Exercise instructions:
Please copy each line in the records below that contains the string "Runner".

* * * * *

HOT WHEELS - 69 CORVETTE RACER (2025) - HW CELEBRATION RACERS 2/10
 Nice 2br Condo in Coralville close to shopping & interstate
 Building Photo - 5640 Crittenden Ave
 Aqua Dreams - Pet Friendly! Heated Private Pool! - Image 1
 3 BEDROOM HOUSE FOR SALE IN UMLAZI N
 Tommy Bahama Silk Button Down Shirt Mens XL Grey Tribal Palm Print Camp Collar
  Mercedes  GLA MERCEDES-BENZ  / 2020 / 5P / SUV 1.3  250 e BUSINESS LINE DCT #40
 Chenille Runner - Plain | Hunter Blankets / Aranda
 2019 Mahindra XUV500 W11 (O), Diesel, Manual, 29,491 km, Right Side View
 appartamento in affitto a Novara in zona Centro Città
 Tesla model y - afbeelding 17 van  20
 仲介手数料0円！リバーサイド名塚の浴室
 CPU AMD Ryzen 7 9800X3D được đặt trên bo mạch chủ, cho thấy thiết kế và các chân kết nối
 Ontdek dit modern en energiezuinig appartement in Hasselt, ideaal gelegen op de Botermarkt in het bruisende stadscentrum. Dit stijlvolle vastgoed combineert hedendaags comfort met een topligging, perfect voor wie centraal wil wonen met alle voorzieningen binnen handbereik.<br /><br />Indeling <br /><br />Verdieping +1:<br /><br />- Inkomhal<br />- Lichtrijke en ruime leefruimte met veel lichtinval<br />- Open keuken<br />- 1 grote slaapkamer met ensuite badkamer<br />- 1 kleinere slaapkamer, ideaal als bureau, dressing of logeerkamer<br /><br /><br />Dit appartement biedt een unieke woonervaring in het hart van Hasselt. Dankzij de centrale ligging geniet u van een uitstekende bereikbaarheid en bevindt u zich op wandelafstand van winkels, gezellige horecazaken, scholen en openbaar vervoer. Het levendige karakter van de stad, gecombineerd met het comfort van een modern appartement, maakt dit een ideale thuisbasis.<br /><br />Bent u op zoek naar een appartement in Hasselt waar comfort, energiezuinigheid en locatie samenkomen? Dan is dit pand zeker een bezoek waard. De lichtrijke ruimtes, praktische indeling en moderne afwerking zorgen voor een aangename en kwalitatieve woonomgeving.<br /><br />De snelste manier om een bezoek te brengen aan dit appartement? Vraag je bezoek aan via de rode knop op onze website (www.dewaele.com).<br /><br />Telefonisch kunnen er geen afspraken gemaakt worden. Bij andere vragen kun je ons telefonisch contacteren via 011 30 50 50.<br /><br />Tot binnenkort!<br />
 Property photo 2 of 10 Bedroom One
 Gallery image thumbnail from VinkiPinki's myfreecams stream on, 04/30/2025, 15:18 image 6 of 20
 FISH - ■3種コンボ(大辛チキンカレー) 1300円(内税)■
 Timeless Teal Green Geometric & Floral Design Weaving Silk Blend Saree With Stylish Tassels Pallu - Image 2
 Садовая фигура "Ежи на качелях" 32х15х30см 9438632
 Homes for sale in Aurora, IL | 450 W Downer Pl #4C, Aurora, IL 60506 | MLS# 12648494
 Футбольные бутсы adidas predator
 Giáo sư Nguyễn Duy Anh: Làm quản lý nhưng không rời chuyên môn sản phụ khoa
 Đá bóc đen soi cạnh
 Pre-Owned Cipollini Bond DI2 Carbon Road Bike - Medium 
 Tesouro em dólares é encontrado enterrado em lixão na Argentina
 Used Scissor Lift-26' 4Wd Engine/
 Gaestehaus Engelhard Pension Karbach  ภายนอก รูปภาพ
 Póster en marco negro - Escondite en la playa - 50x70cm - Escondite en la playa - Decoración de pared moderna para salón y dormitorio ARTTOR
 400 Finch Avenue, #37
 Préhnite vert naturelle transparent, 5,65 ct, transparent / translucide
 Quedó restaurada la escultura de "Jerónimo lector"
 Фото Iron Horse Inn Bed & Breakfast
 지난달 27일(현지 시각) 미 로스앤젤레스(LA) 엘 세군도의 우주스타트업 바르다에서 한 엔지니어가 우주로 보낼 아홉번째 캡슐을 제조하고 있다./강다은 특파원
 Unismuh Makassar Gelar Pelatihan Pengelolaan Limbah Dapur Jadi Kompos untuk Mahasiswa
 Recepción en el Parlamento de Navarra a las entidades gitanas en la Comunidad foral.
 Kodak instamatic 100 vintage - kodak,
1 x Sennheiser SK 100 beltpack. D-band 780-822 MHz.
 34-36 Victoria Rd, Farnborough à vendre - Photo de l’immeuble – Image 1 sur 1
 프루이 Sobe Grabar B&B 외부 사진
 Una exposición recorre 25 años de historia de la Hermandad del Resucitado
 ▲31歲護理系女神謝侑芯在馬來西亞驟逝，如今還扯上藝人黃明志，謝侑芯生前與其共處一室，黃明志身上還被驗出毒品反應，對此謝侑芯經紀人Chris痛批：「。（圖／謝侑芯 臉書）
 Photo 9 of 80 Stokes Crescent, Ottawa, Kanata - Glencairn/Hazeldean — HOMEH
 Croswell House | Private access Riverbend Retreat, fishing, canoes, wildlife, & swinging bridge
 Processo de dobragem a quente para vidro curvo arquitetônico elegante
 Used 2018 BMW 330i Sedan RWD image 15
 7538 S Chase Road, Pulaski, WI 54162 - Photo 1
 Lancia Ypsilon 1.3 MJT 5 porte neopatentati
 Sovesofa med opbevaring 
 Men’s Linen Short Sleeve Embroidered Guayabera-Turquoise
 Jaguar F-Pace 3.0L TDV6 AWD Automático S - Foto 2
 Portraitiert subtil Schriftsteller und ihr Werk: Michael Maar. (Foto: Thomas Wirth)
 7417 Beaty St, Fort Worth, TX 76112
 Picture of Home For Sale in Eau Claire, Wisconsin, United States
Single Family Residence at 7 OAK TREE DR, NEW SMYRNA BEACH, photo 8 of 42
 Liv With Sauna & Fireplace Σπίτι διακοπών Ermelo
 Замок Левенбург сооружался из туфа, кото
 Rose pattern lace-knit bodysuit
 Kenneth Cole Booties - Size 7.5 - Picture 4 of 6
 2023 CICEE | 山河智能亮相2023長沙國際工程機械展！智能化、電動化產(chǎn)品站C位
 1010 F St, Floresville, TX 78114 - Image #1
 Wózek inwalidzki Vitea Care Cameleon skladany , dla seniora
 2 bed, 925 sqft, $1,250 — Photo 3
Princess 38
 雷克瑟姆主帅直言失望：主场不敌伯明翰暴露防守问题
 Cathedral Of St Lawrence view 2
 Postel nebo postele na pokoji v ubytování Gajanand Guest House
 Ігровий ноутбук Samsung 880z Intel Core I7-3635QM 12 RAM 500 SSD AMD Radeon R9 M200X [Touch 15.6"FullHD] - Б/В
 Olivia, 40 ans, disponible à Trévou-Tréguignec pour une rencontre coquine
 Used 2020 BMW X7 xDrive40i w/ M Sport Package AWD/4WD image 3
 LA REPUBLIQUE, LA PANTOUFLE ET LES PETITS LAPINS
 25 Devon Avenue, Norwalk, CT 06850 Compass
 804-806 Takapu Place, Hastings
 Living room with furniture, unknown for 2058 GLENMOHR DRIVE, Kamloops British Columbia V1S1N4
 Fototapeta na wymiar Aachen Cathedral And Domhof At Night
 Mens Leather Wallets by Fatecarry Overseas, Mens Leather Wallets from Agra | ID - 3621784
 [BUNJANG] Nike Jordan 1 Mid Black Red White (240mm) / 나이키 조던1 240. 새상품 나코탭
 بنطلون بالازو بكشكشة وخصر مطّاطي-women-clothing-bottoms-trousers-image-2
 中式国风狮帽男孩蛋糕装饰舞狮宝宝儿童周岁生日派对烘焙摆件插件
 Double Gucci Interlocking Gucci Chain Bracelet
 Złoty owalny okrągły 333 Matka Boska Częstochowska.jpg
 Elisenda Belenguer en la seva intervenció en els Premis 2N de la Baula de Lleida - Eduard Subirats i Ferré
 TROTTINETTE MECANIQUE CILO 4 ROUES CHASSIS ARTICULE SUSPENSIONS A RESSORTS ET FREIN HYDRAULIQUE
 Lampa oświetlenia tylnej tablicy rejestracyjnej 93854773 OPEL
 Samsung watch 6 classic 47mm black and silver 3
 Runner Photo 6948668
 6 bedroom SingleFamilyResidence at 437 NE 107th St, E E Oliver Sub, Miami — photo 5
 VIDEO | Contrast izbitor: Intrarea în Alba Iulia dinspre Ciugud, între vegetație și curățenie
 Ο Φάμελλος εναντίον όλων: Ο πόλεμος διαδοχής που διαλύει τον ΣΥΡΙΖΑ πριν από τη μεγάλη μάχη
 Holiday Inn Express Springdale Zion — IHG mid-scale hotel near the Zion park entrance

* * * * *

Task output:
 Chenille Runner - Plain | Hunter Blankets / Aranda
 Runner Photo 6948668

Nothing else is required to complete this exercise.